FIMO

Rocky Parida

unread,

May 3, 2017, 10:46:27 AM5/3/17

to MEME Suite Q&A

Hi All

I am trying to find motif occurrences of certain motifs in my whole genome using FIMO.

I tried taking 14 known motif set as an example from Jaspar and searched all the upstream sequences in my genome with a uniform background and found not a single occurrence that is q-value <0.05.

But when I reduce the number of input sequences I find some occurrences.

Does this has to do with the number of input sequences and false discovery rate?
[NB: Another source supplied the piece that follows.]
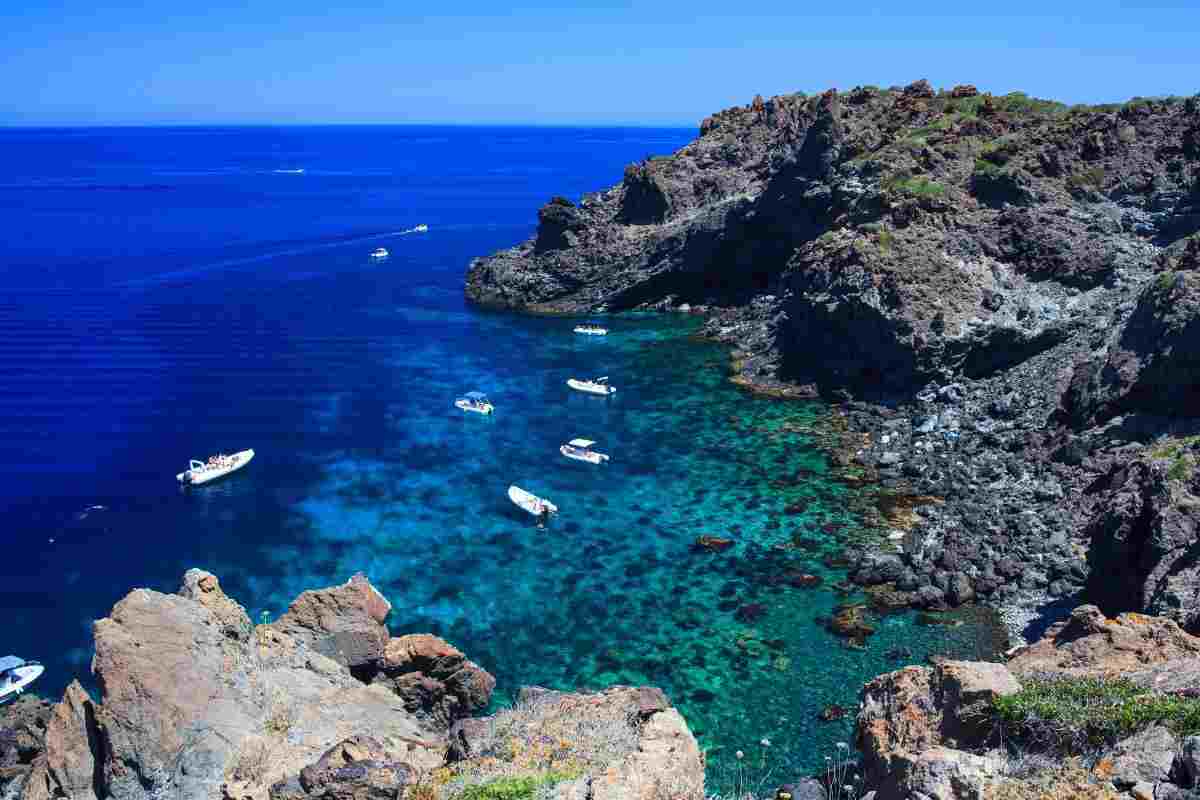 isola detta la perla nera del mediterrano: scopri l'isola di pantelleria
If so, how do I go around finding all the occurrences of a motif in the whole genome?

Please let me know.

Thanking you

Rocky

CharlesEGrant

unread,

May 3, 2017, 3:44:13 PM5/3/17

to meme-...@googlegroups.com

But when I reduce the number of input sequences I find some occurrences.
Does this has to do with the number of input sequences and false discovery rate?

The estimation of the q-value is derived from the observed distribution of p-values. If all your sequences are all roughly similar then omitting some should not change the distribution of p-values much, and you should get roughly the same q-values for the remaining matches. Since you are seeing some substantial changes in the q-value that would indicate that there is something about the sequences you are removing that is skewing the p-values. Did you select the sequences to be omitted randomly or did you have some biological basis for selecting them? Did you screen your sequences for low complexity regions or repeats?

If so, how do I go around finding all the occurrences of a motif in the whole genome?

First, be aware the scanning an entire genome for motif occurrences is a difficult statistical problem. It is addressed by the "Futility Theorem" ( Wasserman WW, Sandelin A. Applied bioinformatics for the identification of regulatory elements. Nat Rev Genet 2004;5:276-87.). The statistical power to identify biologically relevant motif matches depends on the information content of the motif and the quality of the background model. If the motif is short, or not very distinctive, there simply may not be the statistical power to distinguish random matches from biologically relevant ones. Consider this: in a 1GB genome there will be roughly 15,000 perfect matches to an arbitrary motif of length 8, entirely by chance. For FIMO, a perfect match is a perfect mach, so the perfect matches that occur by chance, will vastly outnumber the perfect matches that are "biological". On the other hand, in the same genome you wouldn't expect any perfect matches to a motif of length 12 to occur by chance, so you might have a shot at spotting the biologically active matches. This is just a limitation of using sequence similarity to identify motif occurrences.

Of course the organism is able to distinguish between active motif sites and random sequences matches. If you have other sources of information like DNAse I Hypersensitivity, you can convert that into position specific priors which FIMO can use in addition to simple sequence matching.

There are some other purely technical issues in using FIMO to scan whole genomes, due to the limits on the amount of memory FIMO can use, but it doesn't sound like you ran into those.

Finally, in you post you mentioned that you are using a uniform background model. FIMO's statistical power depends critically on how good the background model is. If you are scanning a whole genome you should probably use the actual genome nucleotide frequencies for the background model. This is admittedly a compromise since the frequencies may vary widely by region, but it's probably the best you can do given FIMO's simplistic background model.

Rocky Parida

unread,

May 3, 2017, 7:07:59 PM5/3/17

to MEME Suite Q&A

Thanks Grant for your reply.

Did you select the sequences to be omitted randomly or did you have some biological basis for selecting them? Did you screen your sequences for low complexity regions or repeats?

I selected a group of random sequences and did a FIMO on them to see if I can find sig occurrences of motifs on my random set of sequences.

This was a test to see how specific are my motif matrices to my initial set of genes vs a random set of genes.

Also I changed the background of ATGC according to my genome and then did FIMO and I couldn't find a sig occurrence of any motif in my set against the whole genome (this also included the input sequences I used to generate these motifs in the first place using MEME).

However, I do understand your point:

The statistical power to identify biologically relevant motif matches depends on the information content of the motif and the quality of the background model. If the motif is short, or not very distinctive, there simply may not be the statistical power to distinguish random matches from biologically relevant ones. Consider this: in a 1GB genome there will be roughly 15,000 perfect matches to an arbitrary motif of length 8, entirely by chance. For FIMO, a perfect match is a perfect mach, so the perfect matches that occur by chance, will vastly outnumber the perfect matches that are "biological". On the other hand, in the same genome you wouldn't expect any perfect matches to a motif of length 12 to occur by chance, so you might have a shot at spotting the biologically active matches. This is just a limitation of using sequence similarity to identify motif occurrences.